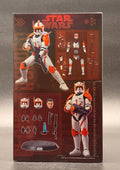 Commander Cody Star Wars: Attack of the Clones Champion Class Model Kit Blokees 2026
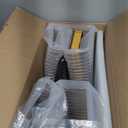 Dell OptiPlex 5250 21.5-Inch FHD All-in-One Desktop PC, Win11Pro, Pentium G4560 3.5GHz, 8GB RAM, 256GB SSD, Keyboard and Mouse, WiFi, HDMI 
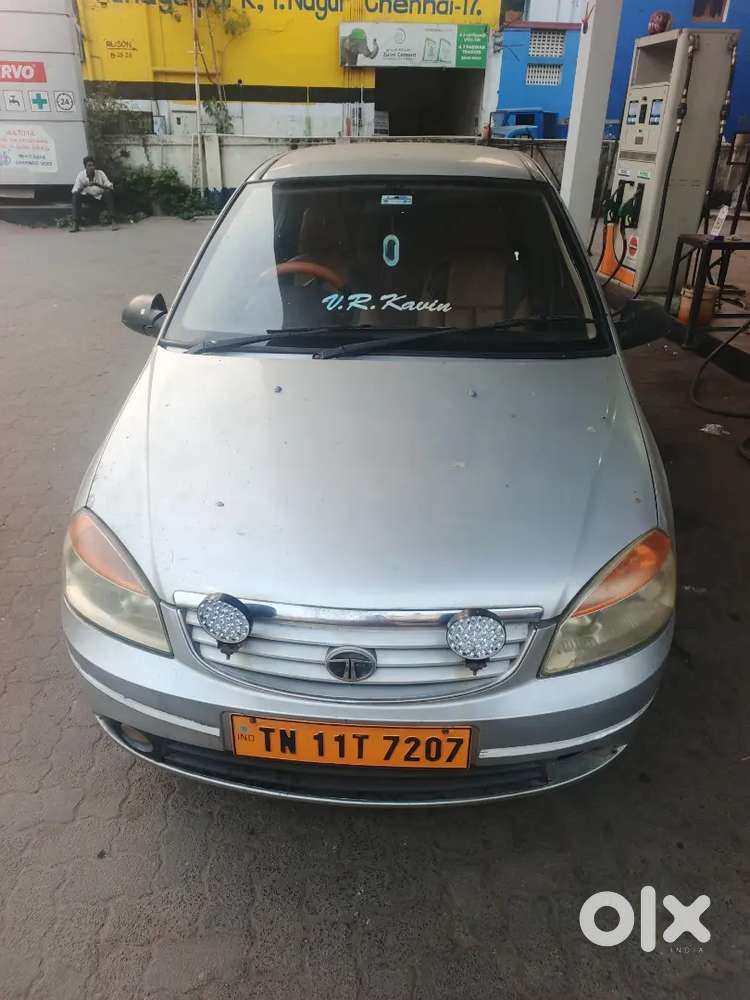 Tata Zest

> **THE PROBLEM**: Any picture in the listing is to be omitted. Return exactly the lines from the one containing "Dell OptiPlex 5250" through its last line, both included, and only those.

> **WRITTEN RESPONSE**:
 Dell OptiPlex 5250 21.5-Inch FHD All-in-One Desktop PC, Win11Pro, Pentium G4560 3.5GHz, 8GB RAM, 256GB SSD, Keyboard and Mouse, WiFi, HDMI 
 Tata Zest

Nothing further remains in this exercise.